Economic growth in Bhutan, a country that famously measures its wellbeing by Gross National Happiness, slowed sharply last year to six percent as tourist numbers fell, the World Bank says.
It said the insular Himalayan kingdom, sandwiched between India, Nepal and China, saw a seven-million-dollar decline in tourism income in the 2008/2009 financial year from 39 million dollars the previous year.
No reason was given for the 18-percent change, but the travel industry was affected worldwide last year by the global financial crisis.
Western visitors to Bhutan must pay a minimum of 200 dollars a day for visa and government-approved travel agency fees, a deliberate policy to promote "high value" tourism.

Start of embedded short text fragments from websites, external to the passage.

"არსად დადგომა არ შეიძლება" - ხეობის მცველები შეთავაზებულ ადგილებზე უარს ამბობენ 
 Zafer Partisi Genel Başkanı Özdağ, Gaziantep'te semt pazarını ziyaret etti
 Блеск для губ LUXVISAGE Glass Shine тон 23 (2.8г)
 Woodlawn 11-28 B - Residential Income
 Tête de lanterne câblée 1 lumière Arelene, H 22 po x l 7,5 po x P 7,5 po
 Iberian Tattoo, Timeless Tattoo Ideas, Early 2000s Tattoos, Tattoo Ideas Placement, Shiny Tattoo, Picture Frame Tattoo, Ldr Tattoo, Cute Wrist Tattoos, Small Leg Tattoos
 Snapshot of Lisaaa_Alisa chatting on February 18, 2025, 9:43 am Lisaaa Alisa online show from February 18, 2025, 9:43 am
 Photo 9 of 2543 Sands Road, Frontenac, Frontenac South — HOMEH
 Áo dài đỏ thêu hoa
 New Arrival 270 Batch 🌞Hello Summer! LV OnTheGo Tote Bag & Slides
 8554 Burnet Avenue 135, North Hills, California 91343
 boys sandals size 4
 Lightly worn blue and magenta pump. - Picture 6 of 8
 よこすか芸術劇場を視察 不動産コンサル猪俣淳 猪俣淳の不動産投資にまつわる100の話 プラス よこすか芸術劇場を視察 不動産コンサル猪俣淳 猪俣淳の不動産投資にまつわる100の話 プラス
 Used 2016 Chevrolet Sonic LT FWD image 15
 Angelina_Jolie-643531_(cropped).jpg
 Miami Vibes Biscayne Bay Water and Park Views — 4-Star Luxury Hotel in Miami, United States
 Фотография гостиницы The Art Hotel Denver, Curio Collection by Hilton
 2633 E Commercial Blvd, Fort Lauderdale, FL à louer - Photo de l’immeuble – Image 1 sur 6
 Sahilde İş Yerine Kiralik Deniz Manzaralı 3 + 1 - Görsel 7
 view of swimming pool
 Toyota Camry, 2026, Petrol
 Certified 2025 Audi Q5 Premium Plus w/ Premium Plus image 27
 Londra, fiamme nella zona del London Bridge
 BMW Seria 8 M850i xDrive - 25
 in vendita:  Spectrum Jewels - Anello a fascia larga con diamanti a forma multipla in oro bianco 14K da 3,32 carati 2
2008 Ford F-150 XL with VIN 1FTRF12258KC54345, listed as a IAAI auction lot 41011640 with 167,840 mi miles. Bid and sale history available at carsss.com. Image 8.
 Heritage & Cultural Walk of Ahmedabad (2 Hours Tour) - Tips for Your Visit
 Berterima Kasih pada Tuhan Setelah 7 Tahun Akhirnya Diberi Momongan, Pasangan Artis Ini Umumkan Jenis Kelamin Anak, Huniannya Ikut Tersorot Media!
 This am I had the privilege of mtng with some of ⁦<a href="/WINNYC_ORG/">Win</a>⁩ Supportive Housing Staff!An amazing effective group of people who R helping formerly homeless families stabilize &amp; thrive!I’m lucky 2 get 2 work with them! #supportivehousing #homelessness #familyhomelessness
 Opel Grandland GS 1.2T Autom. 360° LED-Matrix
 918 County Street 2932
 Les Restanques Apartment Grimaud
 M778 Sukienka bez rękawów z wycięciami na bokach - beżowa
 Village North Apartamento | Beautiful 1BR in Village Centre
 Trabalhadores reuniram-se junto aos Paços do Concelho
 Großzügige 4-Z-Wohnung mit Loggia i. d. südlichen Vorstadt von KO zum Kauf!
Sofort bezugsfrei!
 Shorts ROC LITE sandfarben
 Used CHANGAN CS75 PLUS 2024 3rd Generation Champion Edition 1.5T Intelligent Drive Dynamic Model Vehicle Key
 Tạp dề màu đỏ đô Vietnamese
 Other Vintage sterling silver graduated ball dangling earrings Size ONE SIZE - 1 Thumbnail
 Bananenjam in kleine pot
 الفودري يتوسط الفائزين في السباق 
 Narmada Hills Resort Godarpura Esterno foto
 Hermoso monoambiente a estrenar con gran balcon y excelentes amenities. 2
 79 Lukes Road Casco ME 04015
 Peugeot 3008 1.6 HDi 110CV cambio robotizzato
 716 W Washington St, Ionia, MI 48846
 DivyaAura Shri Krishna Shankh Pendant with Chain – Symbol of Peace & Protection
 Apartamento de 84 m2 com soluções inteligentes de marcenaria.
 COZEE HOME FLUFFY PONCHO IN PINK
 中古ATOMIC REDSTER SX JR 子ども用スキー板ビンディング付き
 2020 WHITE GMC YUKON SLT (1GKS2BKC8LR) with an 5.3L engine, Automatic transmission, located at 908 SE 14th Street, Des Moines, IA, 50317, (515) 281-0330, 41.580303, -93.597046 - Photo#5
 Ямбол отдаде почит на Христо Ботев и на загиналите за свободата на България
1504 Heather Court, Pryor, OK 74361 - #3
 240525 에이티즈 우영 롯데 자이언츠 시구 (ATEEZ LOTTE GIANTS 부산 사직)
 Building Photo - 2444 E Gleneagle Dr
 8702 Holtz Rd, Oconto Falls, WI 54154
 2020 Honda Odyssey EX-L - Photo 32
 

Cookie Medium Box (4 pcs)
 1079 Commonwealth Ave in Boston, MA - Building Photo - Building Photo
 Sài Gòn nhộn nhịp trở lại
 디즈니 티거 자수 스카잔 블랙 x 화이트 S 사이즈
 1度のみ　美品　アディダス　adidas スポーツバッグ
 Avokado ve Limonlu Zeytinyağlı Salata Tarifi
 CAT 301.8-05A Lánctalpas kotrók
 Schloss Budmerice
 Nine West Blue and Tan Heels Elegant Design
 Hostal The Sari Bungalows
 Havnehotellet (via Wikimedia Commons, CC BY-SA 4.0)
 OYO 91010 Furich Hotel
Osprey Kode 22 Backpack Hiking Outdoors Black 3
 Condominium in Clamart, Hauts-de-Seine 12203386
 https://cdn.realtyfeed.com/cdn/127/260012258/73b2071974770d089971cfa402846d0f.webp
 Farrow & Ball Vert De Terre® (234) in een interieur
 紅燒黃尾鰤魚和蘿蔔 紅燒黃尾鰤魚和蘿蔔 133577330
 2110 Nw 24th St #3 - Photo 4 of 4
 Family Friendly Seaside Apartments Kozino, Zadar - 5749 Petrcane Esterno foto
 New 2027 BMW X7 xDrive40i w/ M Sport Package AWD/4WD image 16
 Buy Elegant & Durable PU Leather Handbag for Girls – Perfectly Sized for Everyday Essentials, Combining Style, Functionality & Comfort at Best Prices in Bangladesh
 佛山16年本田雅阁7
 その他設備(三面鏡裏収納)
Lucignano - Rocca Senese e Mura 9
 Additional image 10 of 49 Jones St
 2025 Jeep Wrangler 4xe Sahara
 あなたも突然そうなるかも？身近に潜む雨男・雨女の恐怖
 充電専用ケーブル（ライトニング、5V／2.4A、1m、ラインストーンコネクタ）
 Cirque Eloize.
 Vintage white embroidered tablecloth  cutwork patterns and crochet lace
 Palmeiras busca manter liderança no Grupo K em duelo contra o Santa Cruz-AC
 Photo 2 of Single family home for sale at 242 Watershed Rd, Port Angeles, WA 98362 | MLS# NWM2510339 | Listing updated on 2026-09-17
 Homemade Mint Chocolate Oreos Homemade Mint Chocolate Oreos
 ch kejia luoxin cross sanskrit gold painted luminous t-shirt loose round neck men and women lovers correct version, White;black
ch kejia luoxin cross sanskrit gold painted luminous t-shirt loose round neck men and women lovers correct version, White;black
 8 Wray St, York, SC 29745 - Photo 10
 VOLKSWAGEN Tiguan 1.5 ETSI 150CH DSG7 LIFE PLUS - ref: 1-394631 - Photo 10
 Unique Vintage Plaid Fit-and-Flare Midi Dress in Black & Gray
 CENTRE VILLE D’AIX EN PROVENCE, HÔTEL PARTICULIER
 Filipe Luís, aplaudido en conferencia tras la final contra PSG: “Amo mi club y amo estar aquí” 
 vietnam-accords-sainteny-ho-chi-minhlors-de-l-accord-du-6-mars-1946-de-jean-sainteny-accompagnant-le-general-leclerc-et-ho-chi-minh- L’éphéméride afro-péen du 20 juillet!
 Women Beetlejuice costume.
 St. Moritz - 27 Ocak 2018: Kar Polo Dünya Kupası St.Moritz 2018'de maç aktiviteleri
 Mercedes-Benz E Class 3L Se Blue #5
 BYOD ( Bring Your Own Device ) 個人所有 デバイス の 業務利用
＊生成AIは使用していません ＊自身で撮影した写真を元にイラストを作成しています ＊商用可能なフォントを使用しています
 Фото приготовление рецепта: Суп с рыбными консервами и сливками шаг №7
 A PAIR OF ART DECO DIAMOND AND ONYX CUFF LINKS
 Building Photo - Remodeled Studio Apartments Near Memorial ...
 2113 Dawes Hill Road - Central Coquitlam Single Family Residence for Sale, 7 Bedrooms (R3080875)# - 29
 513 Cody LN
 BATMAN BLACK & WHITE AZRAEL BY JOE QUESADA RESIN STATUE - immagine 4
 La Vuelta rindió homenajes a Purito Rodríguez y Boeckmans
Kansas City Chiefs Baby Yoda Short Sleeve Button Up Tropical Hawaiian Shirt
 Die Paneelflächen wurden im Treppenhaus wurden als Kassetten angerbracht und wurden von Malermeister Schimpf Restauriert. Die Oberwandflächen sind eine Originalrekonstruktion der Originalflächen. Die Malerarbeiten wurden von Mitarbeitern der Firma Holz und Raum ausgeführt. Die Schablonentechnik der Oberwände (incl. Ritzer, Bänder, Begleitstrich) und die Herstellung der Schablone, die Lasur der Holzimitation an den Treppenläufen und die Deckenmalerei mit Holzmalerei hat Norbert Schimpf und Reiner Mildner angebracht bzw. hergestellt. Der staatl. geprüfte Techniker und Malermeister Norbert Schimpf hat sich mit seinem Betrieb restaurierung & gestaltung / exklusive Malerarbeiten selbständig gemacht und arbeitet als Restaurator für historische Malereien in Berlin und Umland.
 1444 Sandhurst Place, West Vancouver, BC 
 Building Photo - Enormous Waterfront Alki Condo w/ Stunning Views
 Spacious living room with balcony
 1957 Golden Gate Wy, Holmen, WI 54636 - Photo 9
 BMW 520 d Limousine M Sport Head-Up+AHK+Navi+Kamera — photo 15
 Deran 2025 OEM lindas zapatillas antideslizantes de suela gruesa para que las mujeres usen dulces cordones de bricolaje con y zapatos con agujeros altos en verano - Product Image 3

When Jigme Singye Wangchuck became king in 1972 at the age of 16 he announced the priority of his monarchy was gross national happiness (GNH), rather than increasing the limited economic measure of GDP.
However growth measured by gross domestic product (GDP) in 2008/2009 slowed to 6.0 percent from 11-14 percent the previous two years, the World Bank said in an economic outlook report for Bhutan published on Tuesday.
The Washington-based lender also estimated Bhutan, which held its first parliamentary elections two years ago, suffered losses of 67 million dollars due to an earthquake and cyclone last year.
The World Bank estimated Bhutan's GDP in 2008 at 1.3 billion dollars.